First, get your horn ready

Two quick things before any wiring.

Your Compact Electric Horn has a direct drive compressor built right inside it. Take care of these two things first and it will sound great and last for years.

Don't skip this

Attach the air filter

In the box you'll find a short piece of air line and a small air filter. They install onto the intake of the horn's built-in compressor. The filter keeps dust and road debris out of the compressor, which is what keeps the horn loud and makes it last. It takes about a minute, and it's the one step people forget.

1
Push the air line onto the intake
Find the intake port on the compressor housing and press the short air line firmly onto it.
2
Fit the filter on the other end
Push the small filter onto the free end of the air line so the compressor draws air through it.
3
Point it down, away from water
Position the filter so it faces down and away from direct road spray.
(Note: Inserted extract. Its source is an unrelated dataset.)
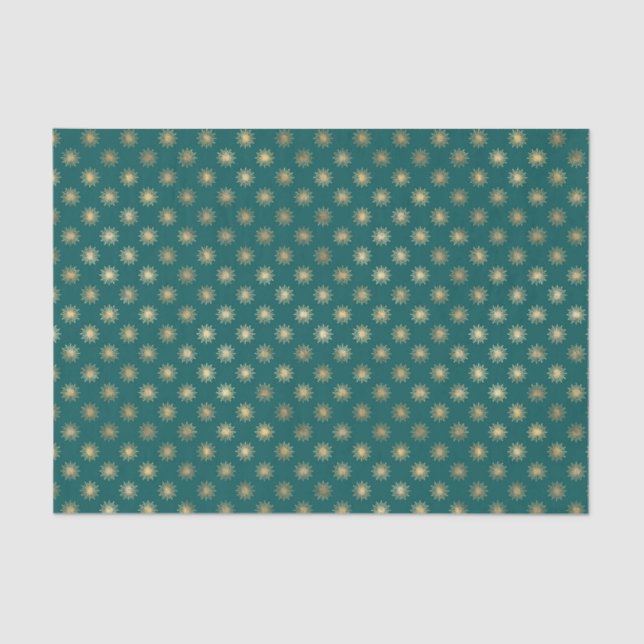 Papel De Seda Patrón Estrella verde azulada y de Relieve metaliz (Anverso)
It needs clean, dry air, not water.
Air filter attached to the compressor intake
Mount the horn

Bolt the horn down using the built-in mounting tab. A few things to keep in mind:

  • Pick a spot protected from direct water and road spray.
  • Mount it so the air filter points down, not up.
  • Keep the front of the horn clear so the sound projects.
  • Leave room to reach the two terminals for wiring.
Compact electric horn mounted
Wire legend
Red, 10 ga
Main power & horn positive (+)
Blue, 18 ga
Trigger (+)
Black
Ground to frame (–)
Tan
30A fuse at the battery
Method 01 Easiest · most popular

Honk from the steering wheel

Use the included relay harness so your factory horn button triggers the horn, just like stock. You'll make four connections: the short red and black wires tie into your factory horn, and the long red and blue wires run to the horn itself.

1
Short red wire to factory horn (+)
Connect the short red wire to the positive (+) lead on your factory horn. Either tap that lead with a scotch-lok connector, or pull the wire off the stock horn entirely and route it to the short red wire on the relay.
2
Black wire to ground
Ground the black wire separately to clean, bare metal, or connect it to your factory horn's negative (–) wire.
3
Long red wire to horn (+)
Run the long red wire to the positive (+) terminal on the horn.
4
Blue wire to horn (–)
Run the blue wire to the negative (–) terminal on the horn.
Test it from the wheel
Press your steering wheel horn button. The compact horn honks like stock.
This horn pulls 20A at 12V. If wiring it to your steering wheel pops the factory horn fuse, switch to Method 02 below and run it straight off the battery.
If the horn honks constantly without pressing the wheel, move the black relay lead to the negative (–) lead from the OEM horn.
Method 02 Custom switch · no factory horn

Wire it to the relay yourself

Want the horn on its own push button or toggle switch instead of the factory horn? You'll need our electric horn wiring kit, or your own wire and a push button. Pull the relay out of the harness and wire its four numbered pins as shown, matching the stamped numbers to the diagram.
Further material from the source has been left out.